Il faut reconnaître, cependant, que les monarchies allemandes étaient très menacées. Ni la discipline rigide de Berlin, ni le laisser-aller amorphe de Munich et, entre ces deux extrêmes, les genres mixtes, ne pouvaient longtemps résister à l'anachronisme de formes usées, et qu'instinctivement les peuples repoussaient en donnant, chaque année, plus de voix au socialisme et au républicanisme.
Les rois allemands ont donc disparu. Il n'est pas impossible qu'ils reviennent, sinon les mêmes, d'autres peut-être, mieux adaptés. Les peuples n'ont qu'un nombre restreint de modes de gouvernement à leur disposition. La monarchie est celui qui leur plaît ou, plutôt, qu'ils supportent le plus souvent. Elle procède du principe familial, prince éternel. Le vrai roi est un père. La monarchie peut renaître en Allemagne et ailleurs, modifiée par le siècle et soumise aux contrôles nécessaires. Telle qu'elle restait dans les pays germaniques, son archaïsme la condamnait.
Seule, l'Eglise a le privilège de ne pas vieillir par un renouvellement constant des hommes dans une doctrine immuable. Les autres monarchies vieillissent par des hommes de même sang, de même nom, de même formation, et qui prétendent se perpétuer, identiques, dans le changement des idées.
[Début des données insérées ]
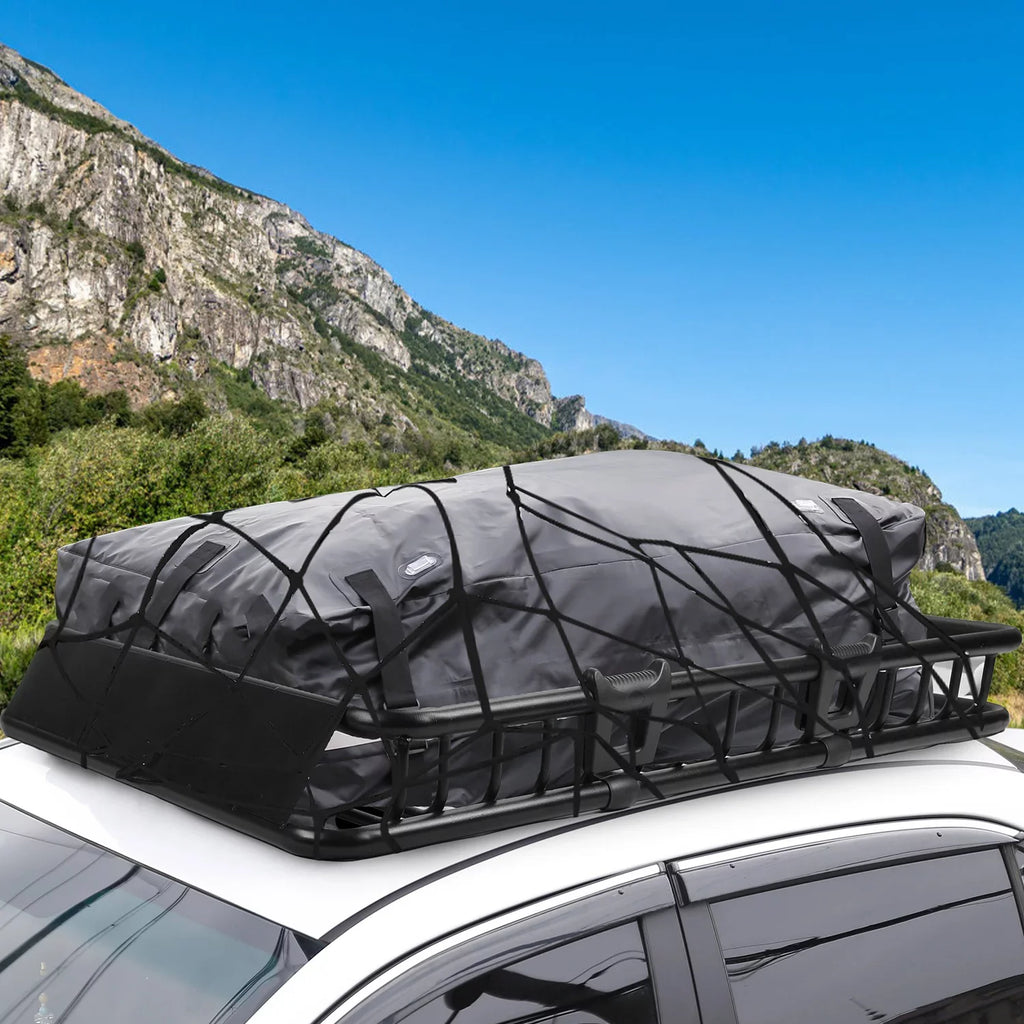 Universal Roof Rack Cargo Carrier, iMounTEK Extension Car Top Luggage Basket, 220 lb. Capacity Roof Rack Basket with Elastic Net and 10 Hooks, 63x39x6.3in, Black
Quand ils tombent, épuisés, vient le temps d'une république. Mais parce que le principe familial est le fond même de l'existence de la société, et que la république favorise plus l'individu que la famille, la république est, à son tour, amenée à disparaître, et la monarchie reparaît. Ainsi va le monde.
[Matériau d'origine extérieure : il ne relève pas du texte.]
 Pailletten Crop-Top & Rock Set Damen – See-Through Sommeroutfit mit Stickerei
L'Allemagne serait la première à le dire, si elle avait le moins du monde l'esprit philosophique. Une légende veut qu'elle l'ait, et rien n'est plus invincible qu'une légende. Mais, en vérité, il n'y a pas sur terre de peuple à la fois plus métaphysicien et moins philosophe, que le peuple allemand. La métaphysique ne lui sert qu'à rêver et à prendre ses rêves pour des réalités. Elle ne le mène en rien à la clairvoyante sagesse. Il est allé, les yeux fermés, à l'abîme creusé sous ces pas par la Prusse impériale. Chaque cour, petite ou grande, se persuadait qu'à jamais Berlin et les Hohenzollern seraient les maîtres de l'heure.
Certaines monarchies à panache, pressées par le socialisme en veston, croyaient arriver à s'accommoder de la Sociale-Démocratie comme la Sociale-Démocratie s'accommoderait d'elles. On les voyait conserver imperturbablement leurs pompes traditionnelles. Telle était la petite cour de Tour et Taxis, à Regensburg, qui, sous ce rapport, était bien la plus pittoresque et la plus amusante que j'aie connue.
On y jouait aux quilles, mais en quel équipage! Nous étions au jeu en diadème et robe à traîne! Etiquette imprévue pour manier une énorme boule et la lancer. Plus d'un diadème chancelait et plus d'une joueuse gémissait dans ses soies, broderies et garnitures, sans parler du corset. Heureusement qu'alors, les étoffes avaient quelque importance et solidité. Si cela se passait en un temps où les femmes sont vêtues de transparences aussi écourtées que possible, que ne verrait-on pas?
Et qu'on ne pense pas que c'était par hasard que j'ai joué aux quilles en toilette de cour. C'était toujours ainsi. On allait à la partie en cortège, et précédé d'un maître de cérémonies.
Parce que ou quoique, ainsi que dit quelque part Victor Hugo, c'était très drôle.
La vie ne manquait pas d'agrément à Regensburg. Le Prince et la Princesse recevaient avec faste. Le palais y prêtait, superbe, meublé royalement, et entouré de jardins tenus avec amour. La cuisine égalait celle de Ferdinand de Bulgarie. Et l'amusant, c'était, partout, un cérémonial suranné, mais si bien réglé que l'on arrivait vite à oublier certaines outrances pour ne plus sentir que la beauté d'une sorte de rythme et d'arrangement où revivait la dignité des temps passés.
On allait aux courses en calèches d'apparat, excellemment attelées, précédées de piqueurs brillants. Le comte de Staufferberg, chef des écuries, ancien officier autrichien, cavalcadait autour de la voiture princière, et les gentilshommes du service étaient si empressés que, si l'on eût manqué de marchepied pour descendre de carrosse, tous auraient voulu galamment y suppléer de leur personne.